I’m hoping there’ll be a chance to cover this on Monday since we didn’t get to it last week. This is one of the key missing pieces for me in terms of scaling training.
Yes we will. Sorry about the delay!
No worries! I’m always amazed by how much we cover, and that there’s the chance to ask questions and interact along the way. I’m also very grateful for all of the help you’ve provided. I’m sad the course is ending, although I’ve got a page worth of possible projects that should keep me busy until next year.
Did you make any headway? I’d be very interested in an update
I’ve tried this with 0.4 - installed using conda install, and it still fails. Jeremy must have been compiling from source when he was experimenting with 0.4, so is it possible that the in-place worked for him because of that - that the code was specifically compiled for his GPU?
Interesting. I still haven’t gotten to updating to 0.4, so thanks for the heads up.
I’ll definitely share the update as soon as I’m done. I’m currently stretching a lot at work and not finding much time. Sorry for the delay.
In the meantime I can share a new thing I came across
It can help us learn and create at the same time. You can play around and share something new you come up with.
Yeah… I’ve seen that.
It looks really nice, visually.
Unfortunately it’s only for images and raw vector data, so you’d need python to do preprocessing on data to begin with and I’m not convinced losing pytorch, in addition to not being able to use your own hardware would be worth it putting everything else aside.

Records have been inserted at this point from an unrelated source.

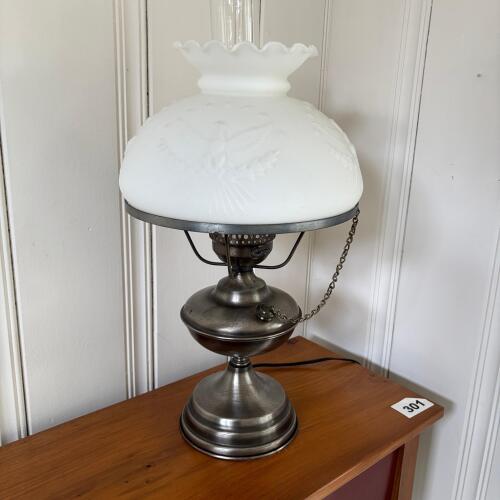 Vintage Hurricane Table Lamp with Embossed Eagle Frosted Glass Shade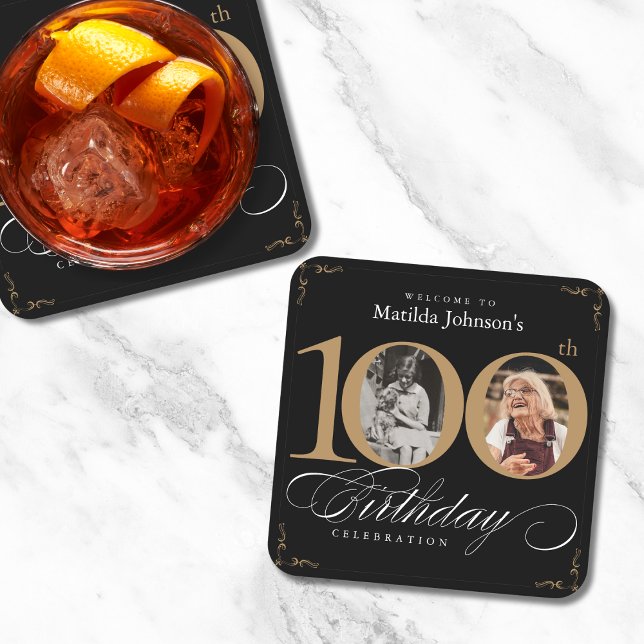 Dessous De Verre Carré Black Gold Elegant Photo 100th Birthday Party (Mockup View)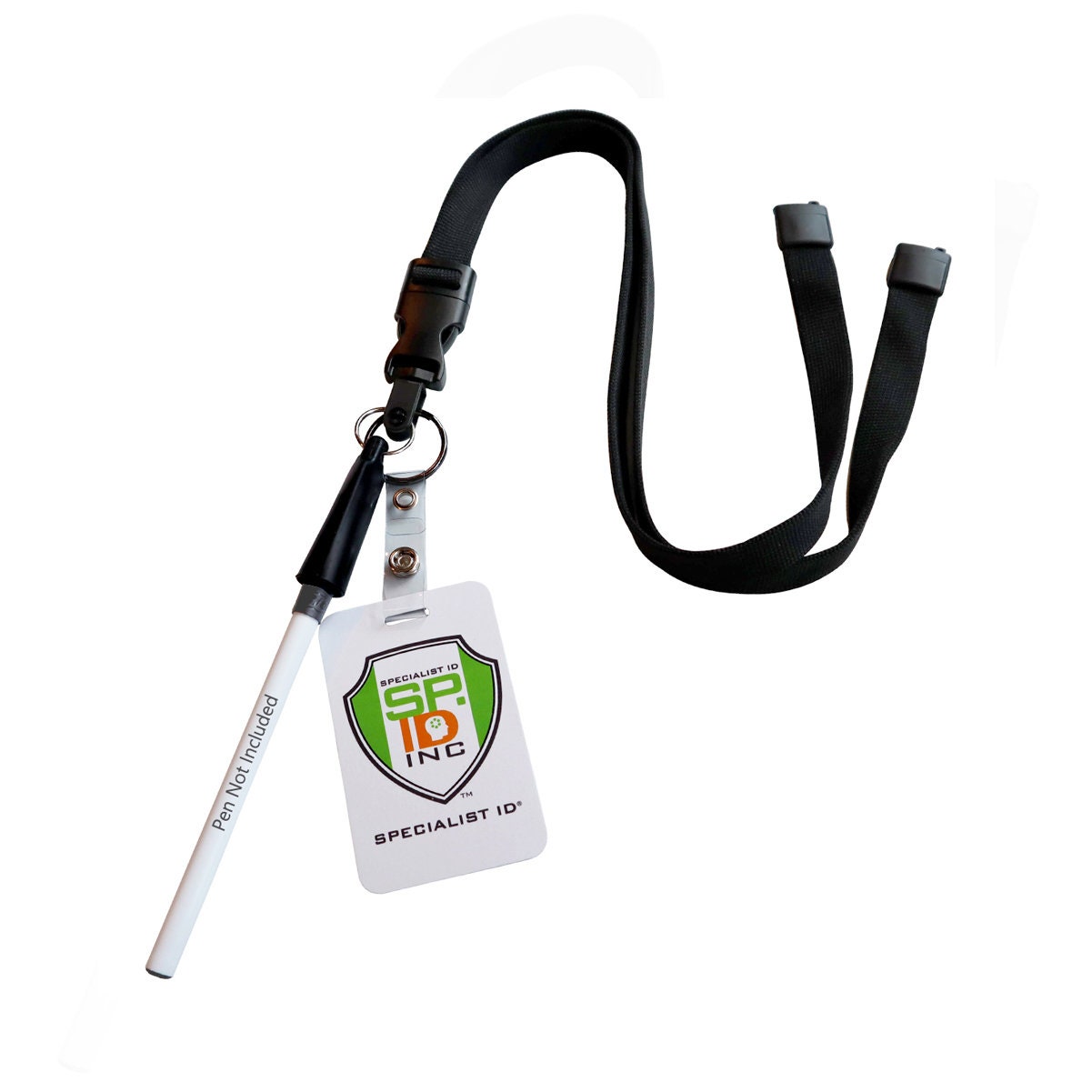 Specialist ID Vertical Top Load Three Card Badge Holder - Hard Plastic with Heavy Duty Breakaway Lanyard W Quick Release Metal Clip & Key Ring (One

Looks great for beginners wanting to do deep learning for images though!
Yep, which also means we have to be careful to denormalize our generated data accordingly.
I also tried to find the reason why using tanh instead of sigmoid, but no success yet (the DCGAN paper you refer to just mention that bounded activations are better, but it’s also the case if we use the sigmoid which is bounded between 0 and 1).
The only reason I can think of is that it works better experimentally on some dataset, maybe because the activations are close to zero, which means that the sigmoid will get saturated, which won’t be the case for tanh as it is define between -1 and 1.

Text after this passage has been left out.